Note: This item was so big it is in two parts. Income Distribution: Part II
Keywords: Distributional Economics;
1. INTRODUCTION
There is a widespread belief that a major consequence of the economic reforms of the 1980s and 1990s was increased economic inequality. As will become evident, this overall conclusion is correct, even if the mechanisms which generate the inequality are somewhat more complex than popular views articulate. We can trace these mechanisms in theory using Diagram 1. The rest of the paper assesses their strength and direction.

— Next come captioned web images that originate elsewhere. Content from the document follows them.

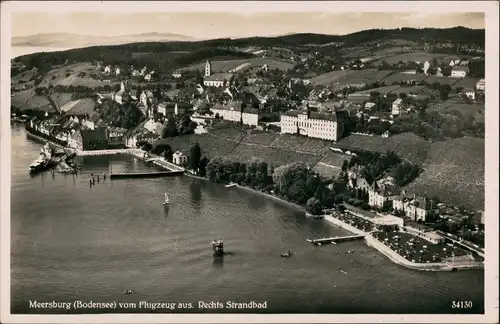 Ansichtskarte Meersburg Luftbild - Stadt Anleger 1930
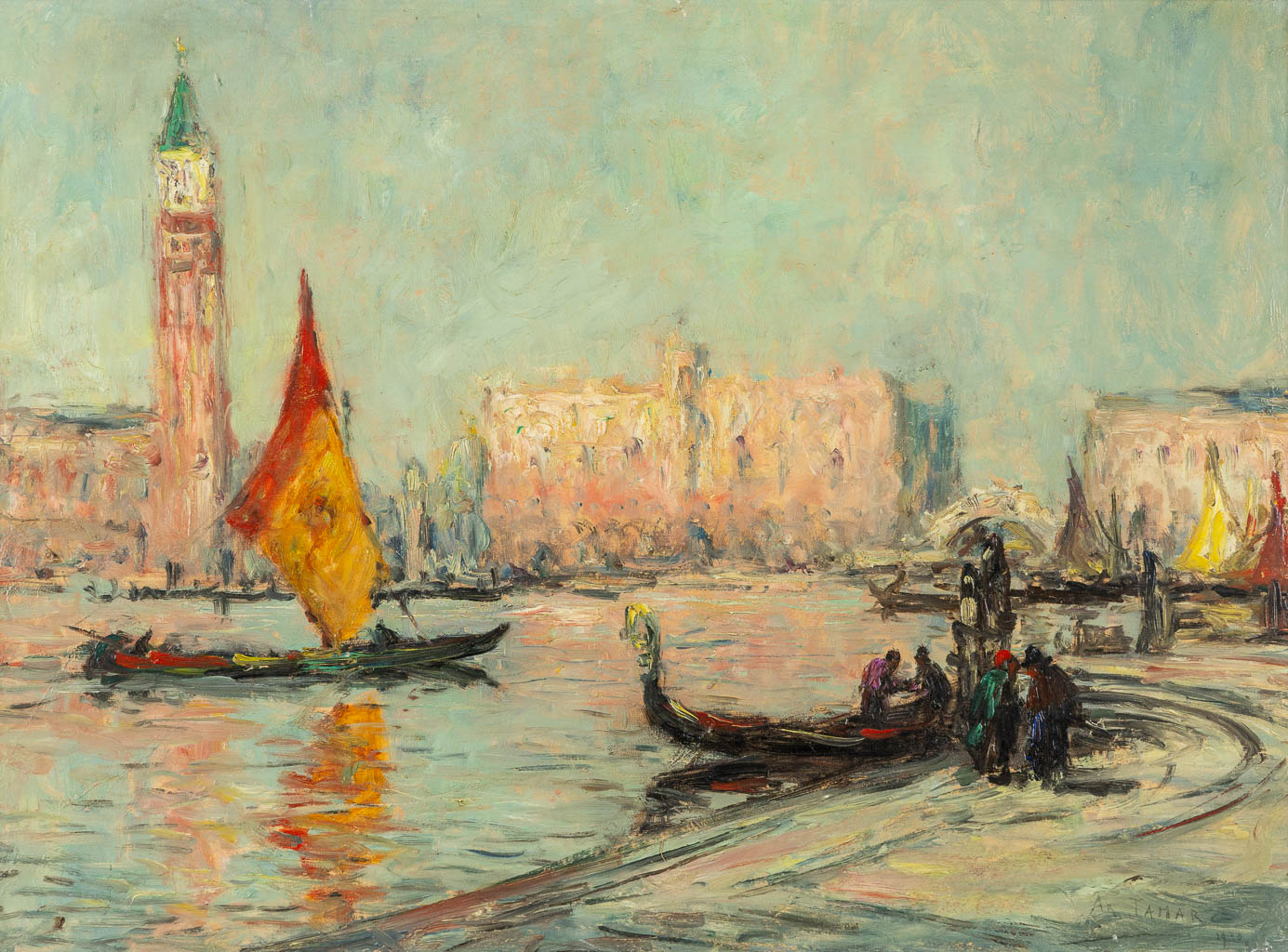 Armand JAMAR (1870-1946) 'Zicht op Venetië, Italië' 1930. (W:75 x H:55 cm)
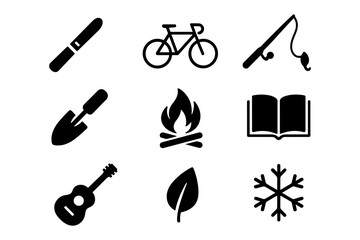 Outdoor activity icons: adventure, nature, and leisure symbols in simple black design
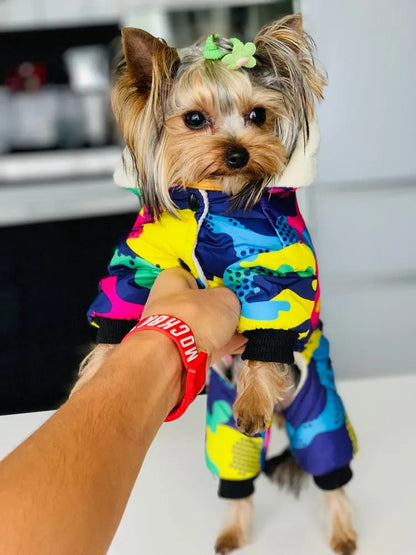 Thicken Warm Dog Jumpsuit Winter Pet Dogs Clothes for Chihuahua Coat Waterproof Hoodie Puppy Overalls Poodle Jacket Pet Apparel Ai-TechWorld 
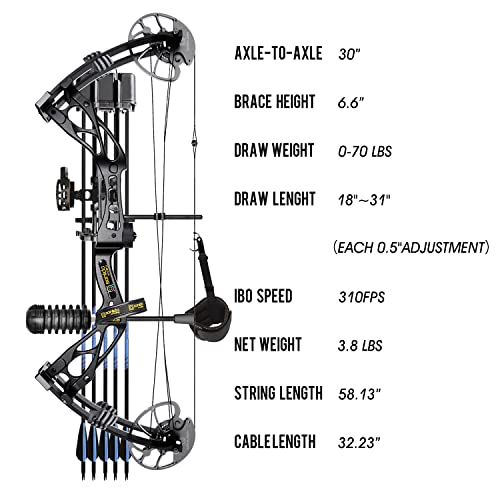 Sanlida Archery Dragon X8 RTH Compound Bow Package for Adults and Teens,18”-31” Draw Length,0-70 Lbs Draw Weight,up to IBO 310 fps,No Bow Press Needed,Limbs Made in USA,Limited Life-time Warranty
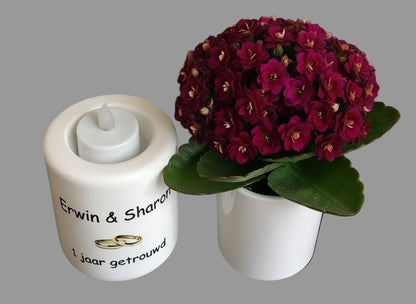 Jubileum Kaarsenhouder met Namen – Gepersonaliseerd - Gepersonaliseerd Cadeau - In-house Geborduurd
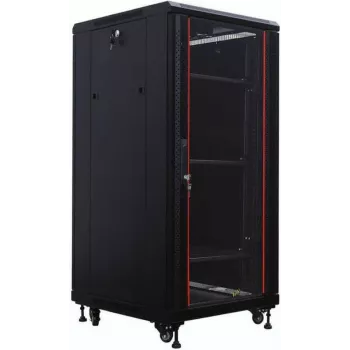 IT-BUDGET 19 inch netværksskab SRK - 27U - 600x600 mm - glas-/ståldør - flatpack - sort (90ITB19SRK2766GSN)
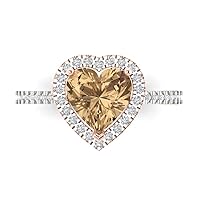 2.46 Heart Cut Solitaire W/Accent Halo Champagne Simulated Diamond Anniversary Promise Wedding ring Solid 18K 2 Tone Gold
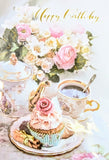 Open Female birthday - Handmade Flowers & Teacups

The central features of the reforms, relevant to this chapter are shown in boxes, as are the other exogenous (for these purposes) influences. (The first reference to each of these items is in italics, which will assist comparison with the summary in section 11.) They reforms are separated into market liberalization, macroeconomic policy, and fiscal policy. Two further elements which is also taken as exogenous are the world economy which is discussed in section 2, and the factor endowment in section 3. (Macroeconomic policy, among others, influences the factor endowment in the medium run, but there is so little useful material it is not possible to trace the relationship.)

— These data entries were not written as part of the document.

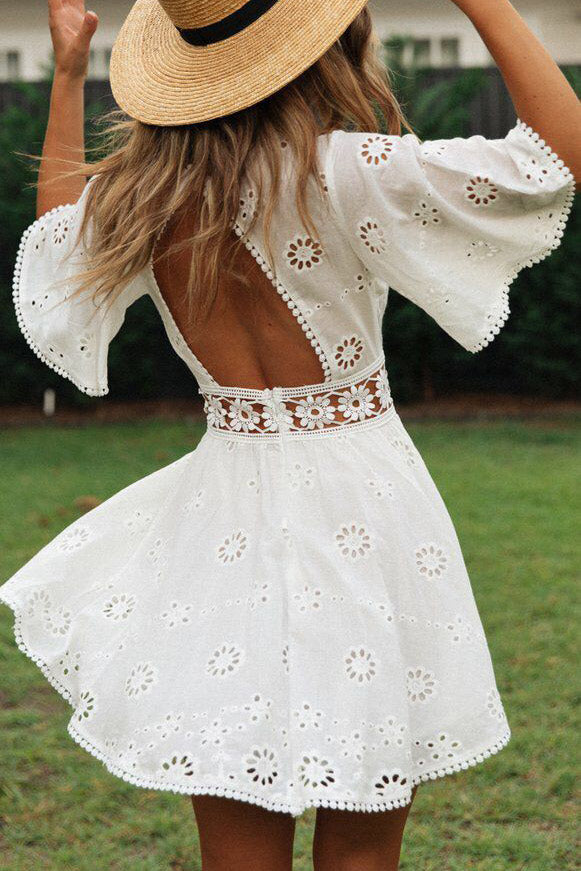 White Tassel Open Back Short Dress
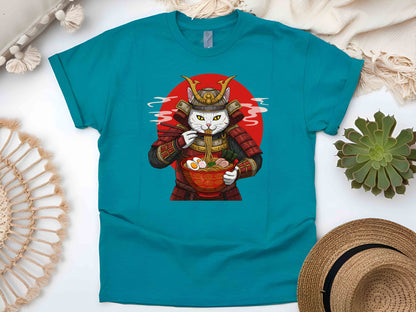 Japanese Ninja Cat Eating Ramen T-Shirt – Cute Japanese Style Cat Art Tee, Perfect Gift for Cat Lovers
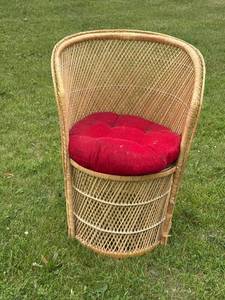 Vintage Rattan Wicker Barrel Tub Chair w Red Cushion Seat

The world economy, and the outcomes of the market liberalization, and the macroeconomic policy come together to determine the domestic factor prices, and the factor distribution (section 3). Meanwhile the outcomes of the macroeconomic policies, the factor endowment, and the factor prices themselves, plus social factors (such as the willingness of women, the elderly, and others to work) determine the utilization of the factors, which is also discussed in section 4 (with the factor endowment), in terms of unemployment.
The interaction of the factor prices and the factor endowment generates the personal market distribution described in section 5. Adjustment for taxation and benefits (section 6) gives the personal disposable market income but there is little recorded on it.
Instead, personal disposable incomes are combined into household disposable incomes, which are also influenced by social factors such as demographic change and household composition. (section 7). The chapter also briefly explores the notion of full income, where effects such as government spending, prices, quality of services, and hours worked are taken into account (section 8).
While the connections between the various elements are shown in the diagram, it is not easy to show these in a specific measurable way, and sometimes causality must be inferred. In all relationships orthodox economic processes are assumed.
The focus is on the 1980s and after. But it is necessary to start earlier in order to identify long term trends. For various reasons – including the beginning of key data series and the report of the Royal Commission on Social Security (1972) – as far as possible the data begins in 1971/2.
Section 9 looks at the distributional impact of the 1990 and 1991 reforms using a different approach, for most of the data runs end by the beginning of 1990s. (Snively (1993) provides a review of current research on the income distribution.)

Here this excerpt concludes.